Qian Ying-Ying, Liu Xin-You, Pei Dong, Xu Jia-Li, Shen Hua, Chen Xiao-Feng, Liu Yi-Qian, Shen Li-Zong, Shu Yong-Qian
Department of Oncology, The First Affiliated Hospital of Nanjing Medical University, Nanjing, Jiangsu, China E-mail :
Asian Pac J Cancer Prev. 2014;15(22):9699-706. doi: 10.7314/apjcp.2014.15.22.9699.
The predictive value of the xeroderma pigmentosum group D (XPD) Lys751Gln polymorphism regarding clinical outcomes of patients with colorectal cancer (CRC) receiving oxaliplatin-based chemotherapy has been evaluated in numerous published studies, but the results remain inconclusive. Therefore, we performed a meta-analysis to determine the precise role of the XPD Lys751Gln polymorphism in this clinical situation and optimize individual chemotherapy.
A multiple search strategy was used to identify eligible studies. Pooled odds ratios (ORs), generalized odds ratio (ORG) and their 95% confidence intervals (CIs) were used to estimate the objective response, while hazard ratios (HRs) with 95%CIs were used for progression-free survival (PFS) and overall survival (OS).
A total of 17 studies including 2,286 patients met the inclusion criteria. Overall, the XPD 751Gln allele was associated with a non-significant reduced objective response to oxaliplatin-based chemotherapy in all patients or in the Asian and Caucasian subgroups. However, poor PFS and OS of CRC patients treated with oxaliplatin-based regimens were significantly related to the XPD 751Gln allele in the dominant model (PFS: HR=2.10, 95%CI: 1.65-2.67; OS: HR=3.18, 95%CI: 1.57-6.47). On stratified analysis by ethnicity, these relationships were more pronounced in Asians (PFS: HR=2.49, 95%CI: 1.79-3.47; OS: HR=5.25, 95%CI: 3.46-7.94) than in Caucasians (PFS: HR=1.73, 95%CI: 1.22-2.46; OS: HR=1.78, 95%CI: 1.06-2.99).
The XPD Lys751Gln polymorphism may have prognostic value in patients with CRC undergoing oxaliplatin-based chemotherapy.
众多已发表的研究评估了着色性干皮病D组(XPD)Lys751Gln多态性对接受奥沙利铂化疗的结直肠癌(CRC)患者临床结局的预测价值,但结果仍无定论。因此,我们进行了一项荟萃分析,以确定XPD Lys751Gln多态性在这种临床情况下的确切作用,并优化个体化化疗。

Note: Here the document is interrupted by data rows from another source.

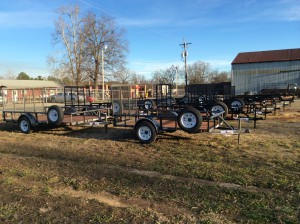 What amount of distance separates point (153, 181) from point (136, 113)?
533 centimetres

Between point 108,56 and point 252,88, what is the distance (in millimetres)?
24269

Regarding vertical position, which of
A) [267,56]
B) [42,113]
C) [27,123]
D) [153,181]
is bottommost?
[153,181]

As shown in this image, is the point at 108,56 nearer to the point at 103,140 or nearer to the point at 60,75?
the point at 60,75

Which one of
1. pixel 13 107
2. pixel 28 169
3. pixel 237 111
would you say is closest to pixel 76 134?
pixel 13 107

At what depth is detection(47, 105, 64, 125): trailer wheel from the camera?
10180 millimetres

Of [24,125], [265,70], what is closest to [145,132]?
[24,125]

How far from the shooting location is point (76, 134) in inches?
425

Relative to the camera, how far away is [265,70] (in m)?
46.6

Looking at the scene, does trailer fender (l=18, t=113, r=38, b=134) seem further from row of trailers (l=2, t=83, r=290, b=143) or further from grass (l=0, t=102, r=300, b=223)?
grass (l=0, t=102, r=300, b=223)

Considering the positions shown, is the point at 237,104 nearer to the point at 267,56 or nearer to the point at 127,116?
the point at 127,116

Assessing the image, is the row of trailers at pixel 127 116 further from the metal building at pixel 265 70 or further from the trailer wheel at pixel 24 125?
the metal building at pixel 265 70

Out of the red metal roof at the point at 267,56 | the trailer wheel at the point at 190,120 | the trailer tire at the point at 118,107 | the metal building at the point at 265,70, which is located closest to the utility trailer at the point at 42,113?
the trailer tire at the point at 118,107

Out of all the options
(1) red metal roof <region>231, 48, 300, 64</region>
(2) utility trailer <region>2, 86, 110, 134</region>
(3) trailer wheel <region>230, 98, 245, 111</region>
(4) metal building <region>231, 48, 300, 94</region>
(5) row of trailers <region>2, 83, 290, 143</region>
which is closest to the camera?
(5) row of trailers <region>2, 83, 290, 143</region>

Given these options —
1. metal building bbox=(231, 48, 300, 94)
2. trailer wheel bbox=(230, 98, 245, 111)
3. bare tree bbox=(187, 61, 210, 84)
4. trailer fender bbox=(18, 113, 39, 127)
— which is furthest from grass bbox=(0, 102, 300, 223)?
bare tree bbox=(187, 61, 210, 84) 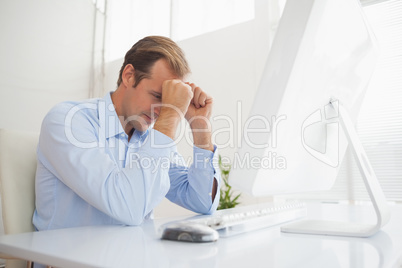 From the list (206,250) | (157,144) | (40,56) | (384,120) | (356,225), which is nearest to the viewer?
(206,250)

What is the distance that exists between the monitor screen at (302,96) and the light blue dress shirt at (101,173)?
1.12 feet

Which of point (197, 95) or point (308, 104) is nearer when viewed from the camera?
point (308, 104)

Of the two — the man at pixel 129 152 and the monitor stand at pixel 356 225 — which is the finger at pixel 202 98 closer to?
the man at pixel 129 152

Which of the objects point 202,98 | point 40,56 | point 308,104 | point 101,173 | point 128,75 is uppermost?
point 40,56

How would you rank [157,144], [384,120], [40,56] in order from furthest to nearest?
1. [40,56]
2. [384,120]
3. [157,144]

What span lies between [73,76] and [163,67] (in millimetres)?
3637

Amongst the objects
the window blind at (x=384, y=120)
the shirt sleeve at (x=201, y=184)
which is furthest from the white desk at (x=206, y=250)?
the window blind at (x=384, y=120)

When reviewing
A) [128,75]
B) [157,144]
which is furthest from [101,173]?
[128,75]

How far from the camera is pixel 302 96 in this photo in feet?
1.86

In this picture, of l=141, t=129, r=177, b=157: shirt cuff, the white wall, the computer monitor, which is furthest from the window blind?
the white wall

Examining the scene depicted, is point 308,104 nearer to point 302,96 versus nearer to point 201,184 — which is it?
point 302,96

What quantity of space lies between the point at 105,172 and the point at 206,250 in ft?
1.35

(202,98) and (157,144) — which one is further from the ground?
(202,98)

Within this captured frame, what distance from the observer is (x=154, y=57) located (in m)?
1.17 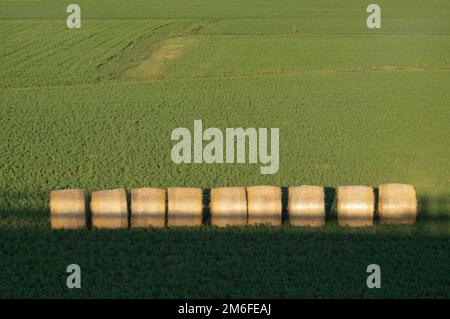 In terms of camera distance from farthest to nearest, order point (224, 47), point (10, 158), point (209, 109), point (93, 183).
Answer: point (224, 47) → point (209, 109) → point (10, 158) → point (93, 183)

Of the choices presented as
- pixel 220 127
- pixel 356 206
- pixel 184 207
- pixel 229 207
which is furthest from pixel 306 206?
pixel 220 127

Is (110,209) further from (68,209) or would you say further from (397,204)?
(397,204)

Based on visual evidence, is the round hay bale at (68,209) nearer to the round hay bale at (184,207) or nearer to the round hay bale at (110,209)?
the round hay bale at (110,209)

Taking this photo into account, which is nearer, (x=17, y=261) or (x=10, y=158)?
(x=17, y=261)

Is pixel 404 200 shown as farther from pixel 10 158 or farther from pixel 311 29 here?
pixel 311 29

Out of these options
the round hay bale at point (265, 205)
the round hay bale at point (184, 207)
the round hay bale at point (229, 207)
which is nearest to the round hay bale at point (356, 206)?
the round hay bale at point (265, 205)

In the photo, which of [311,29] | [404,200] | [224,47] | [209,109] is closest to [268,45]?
[224,47] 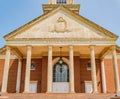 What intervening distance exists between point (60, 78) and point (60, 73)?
64cm

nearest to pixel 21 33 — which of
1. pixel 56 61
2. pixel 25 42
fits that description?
pixel 25 42

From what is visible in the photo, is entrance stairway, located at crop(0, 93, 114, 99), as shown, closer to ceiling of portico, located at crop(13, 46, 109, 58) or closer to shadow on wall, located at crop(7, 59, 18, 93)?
ceiling of portico, located at crop(13, 46, 109, 58)

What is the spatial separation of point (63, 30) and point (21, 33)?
461 cm

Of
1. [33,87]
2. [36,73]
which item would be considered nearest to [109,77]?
[36,73]

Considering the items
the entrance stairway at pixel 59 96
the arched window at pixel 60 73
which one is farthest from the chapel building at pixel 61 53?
the entrance stairway at pixel 59 96

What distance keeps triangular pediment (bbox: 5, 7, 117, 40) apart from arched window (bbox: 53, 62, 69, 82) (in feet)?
15.5

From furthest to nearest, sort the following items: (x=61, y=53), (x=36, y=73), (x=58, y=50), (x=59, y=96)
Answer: (x=36, y=73) < (x=61, y=53) < (x=58, y=50) < (x=59, y=96)

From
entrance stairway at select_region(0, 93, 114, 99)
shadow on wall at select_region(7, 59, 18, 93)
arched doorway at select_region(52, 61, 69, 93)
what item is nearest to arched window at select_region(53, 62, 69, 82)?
arched doorway at select_region(52, 61, 69, 93)

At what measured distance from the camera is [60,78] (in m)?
25.0

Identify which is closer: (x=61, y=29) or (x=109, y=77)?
(x=61, y=29)

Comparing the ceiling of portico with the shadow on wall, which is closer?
the ceiling of portico

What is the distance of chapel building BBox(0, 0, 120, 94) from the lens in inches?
853

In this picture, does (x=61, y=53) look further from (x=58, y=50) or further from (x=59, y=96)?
(x=59, y=96)

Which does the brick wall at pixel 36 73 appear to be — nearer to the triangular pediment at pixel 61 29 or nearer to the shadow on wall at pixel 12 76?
the shadow on wall at pixel 12 76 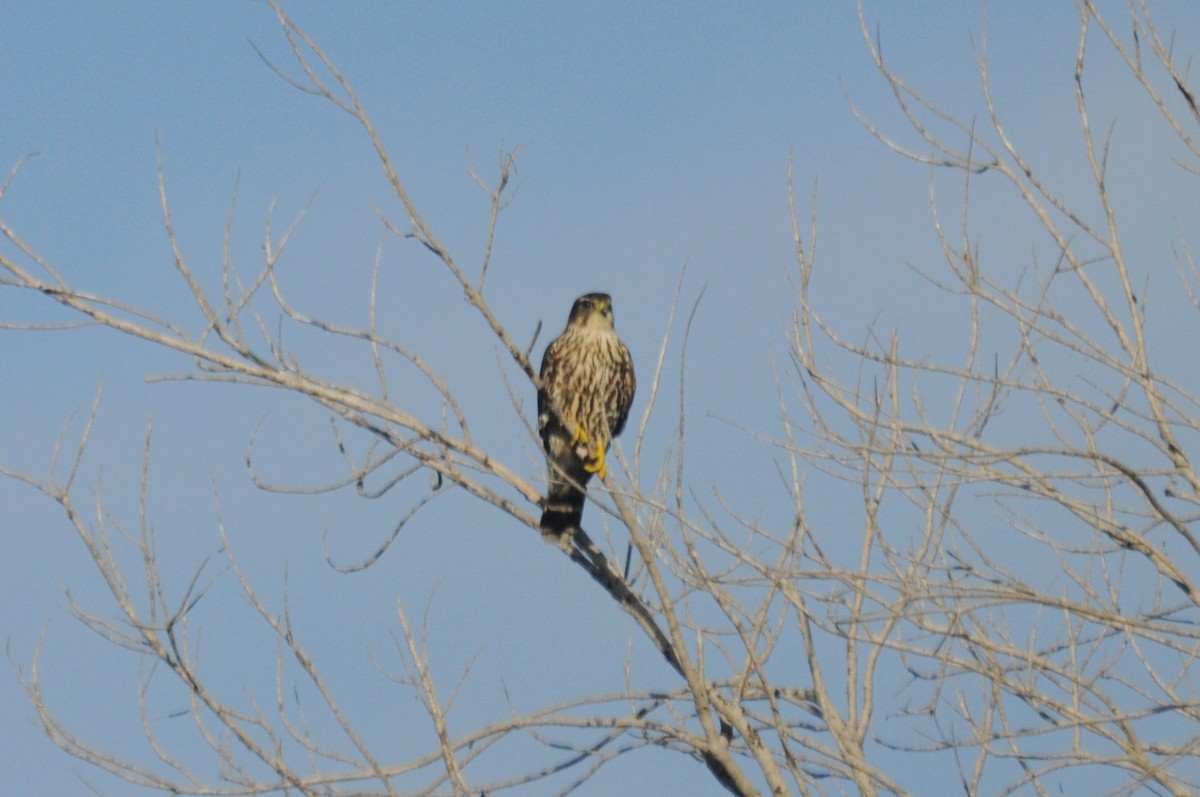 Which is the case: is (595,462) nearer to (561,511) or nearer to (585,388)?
(585,388)

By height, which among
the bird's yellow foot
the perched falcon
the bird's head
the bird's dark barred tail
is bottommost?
the bird's dark barred tail

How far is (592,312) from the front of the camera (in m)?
6.48

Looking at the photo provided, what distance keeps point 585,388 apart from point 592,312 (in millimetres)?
419

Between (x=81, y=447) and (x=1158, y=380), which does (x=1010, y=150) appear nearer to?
(x=1158, y=380)

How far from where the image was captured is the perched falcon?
612 cm

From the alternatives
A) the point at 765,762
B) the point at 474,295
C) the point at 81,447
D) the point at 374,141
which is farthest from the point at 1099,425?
the point at 81,447

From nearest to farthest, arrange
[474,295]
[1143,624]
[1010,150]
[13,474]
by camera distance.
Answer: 1. [1143,624]
2. [1010,150]
3. [474,295]
4. [13,474]

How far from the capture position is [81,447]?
4.66 metres

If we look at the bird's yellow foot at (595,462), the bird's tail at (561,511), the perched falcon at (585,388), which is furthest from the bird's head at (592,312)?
the bird's tail at (561,511)

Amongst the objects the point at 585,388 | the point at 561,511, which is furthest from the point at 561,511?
the point at 585,388

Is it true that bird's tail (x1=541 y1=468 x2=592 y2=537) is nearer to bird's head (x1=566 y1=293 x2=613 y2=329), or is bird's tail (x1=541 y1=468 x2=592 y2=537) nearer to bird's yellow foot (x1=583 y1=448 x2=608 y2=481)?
bird's yellow foot (x1=583 y1=448 x2=608 y2=481)

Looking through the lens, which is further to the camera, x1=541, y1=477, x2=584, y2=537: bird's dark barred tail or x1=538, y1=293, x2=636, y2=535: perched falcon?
x1=538, y1=293, x2=636, y2=535: perched falcon

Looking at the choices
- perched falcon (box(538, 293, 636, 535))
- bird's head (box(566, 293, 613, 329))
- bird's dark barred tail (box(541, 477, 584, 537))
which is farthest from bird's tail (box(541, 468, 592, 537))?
bird's head (box(566, 293, 613, 329))

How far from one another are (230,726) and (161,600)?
1.51 ft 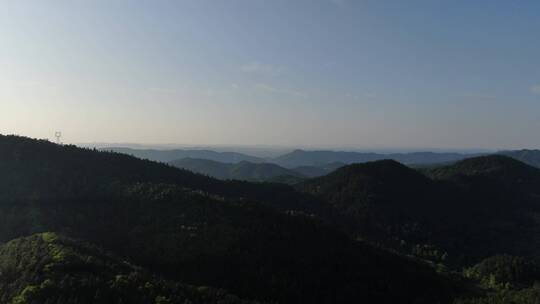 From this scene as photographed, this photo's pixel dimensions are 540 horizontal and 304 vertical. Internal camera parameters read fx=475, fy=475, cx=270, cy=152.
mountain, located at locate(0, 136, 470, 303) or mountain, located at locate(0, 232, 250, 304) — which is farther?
mountain, located at locate(0, 136, 470, 303)

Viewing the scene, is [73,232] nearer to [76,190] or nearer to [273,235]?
[76,190]

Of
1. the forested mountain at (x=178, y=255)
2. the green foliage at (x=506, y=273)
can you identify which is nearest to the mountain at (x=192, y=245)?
the forested mountain at (x=178, y=255)

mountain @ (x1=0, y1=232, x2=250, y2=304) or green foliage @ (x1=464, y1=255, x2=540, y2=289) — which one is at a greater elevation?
mountain @ (x1=0, y1=232, x2=250, y2=304)

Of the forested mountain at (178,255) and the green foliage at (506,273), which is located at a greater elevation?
the forested mountain at (178,255)

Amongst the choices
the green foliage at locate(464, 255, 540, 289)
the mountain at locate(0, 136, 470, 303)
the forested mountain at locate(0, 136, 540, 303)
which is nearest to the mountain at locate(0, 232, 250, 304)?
the forested mountain at locate(0, 136, 540, 303)

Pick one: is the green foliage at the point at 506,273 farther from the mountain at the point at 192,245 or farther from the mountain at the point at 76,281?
the mountain at the point at 76,281

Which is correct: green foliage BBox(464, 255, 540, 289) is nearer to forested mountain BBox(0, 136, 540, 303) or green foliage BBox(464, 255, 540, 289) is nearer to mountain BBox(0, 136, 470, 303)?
forested mountain BBox(0, 136, 540, 303)

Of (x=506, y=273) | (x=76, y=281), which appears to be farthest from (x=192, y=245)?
(x=506, y=273) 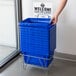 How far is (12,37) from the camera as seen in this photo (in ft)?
9.31

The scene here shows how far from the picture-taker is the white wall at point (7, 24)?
269 cm

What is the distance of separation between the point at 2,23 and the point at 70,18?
1.13 meters

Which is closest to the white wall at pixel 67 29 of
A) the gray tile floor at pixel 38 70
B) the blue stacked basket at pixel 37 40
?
the gray tile floor at pixel 38 70

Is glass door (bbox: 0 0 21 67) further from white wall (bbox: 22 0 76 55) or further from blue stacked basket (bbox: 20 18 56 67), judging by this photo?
blue stacked basket (bbox: 20 18 56 67)

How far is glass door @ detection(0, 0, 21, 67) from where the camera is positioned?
8.66 feet

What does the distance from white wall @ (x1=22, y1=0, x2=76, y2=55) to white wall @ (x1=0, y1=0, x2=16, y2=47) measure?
31 cm

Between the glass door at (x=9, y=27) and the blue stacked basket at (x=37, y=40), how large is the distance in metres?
0.54

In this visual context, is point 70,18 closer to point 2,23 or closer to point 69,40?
point 69,40

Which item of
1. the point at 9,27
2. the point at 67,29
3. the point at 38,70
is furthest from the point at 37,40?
the point at 9,27

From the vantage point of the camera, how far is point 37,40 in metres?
2.00

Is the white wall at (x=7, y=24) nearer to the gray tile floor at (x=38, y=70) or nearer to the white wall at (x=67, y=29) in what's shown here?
the white wall at (x=67, y=29)

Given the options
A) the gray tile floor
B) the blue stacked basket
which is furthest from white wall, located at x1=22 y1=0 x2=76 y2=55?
the blue stacked basket

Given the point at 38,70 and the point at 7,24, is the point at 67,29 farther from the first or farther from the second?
the point at 7,24

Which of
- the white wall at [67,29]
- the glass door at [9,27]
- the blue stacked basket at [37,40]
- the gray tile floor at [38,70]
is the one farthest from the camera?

采用多种检索策略来识别符合条件的研究。合并比值比(OR)、广义比值比(ORG)及其95%置信区间(CI)用于估计客观缓解率,而风险比(HR)及其95%CI用于无进展生存期(PFS)和总生存期(OS)。
共有17项研究(包括2286例患者)符合纳入标准。总体而言,XPD 751Gln等位基因与所有患者或亚洲及高加索亚组中对奥沙利铂化疗的客观缓解率非显著降低相关。然而,在显性模型中,接受奥沙利铂方案治疗的CRC患者的不良PFS和OS与XPD 751Gln等位基因显著相关(PFS:HR = 2.10,95%CI:1.65 - 2.67;OS:HR = 3.18,95%CI:1.57 - 6.47)。按种族进行分层分析时,这些关系在亚洲人中比在高加索人中更明显(PFS:HR = 2.49,95%CI:1.79 - 3.47;OS:HR = 5.25,95%CI:3.46 - 7.94)(PFS:HR = 1.73,95%CI:1.22 - 2.46;OS:HR = 1.78,95%CI:1.06 - 2.99)。
XPD Lys751Gln多态性可能对接受奥沙利铂化疗的CRC患者具有预后价值。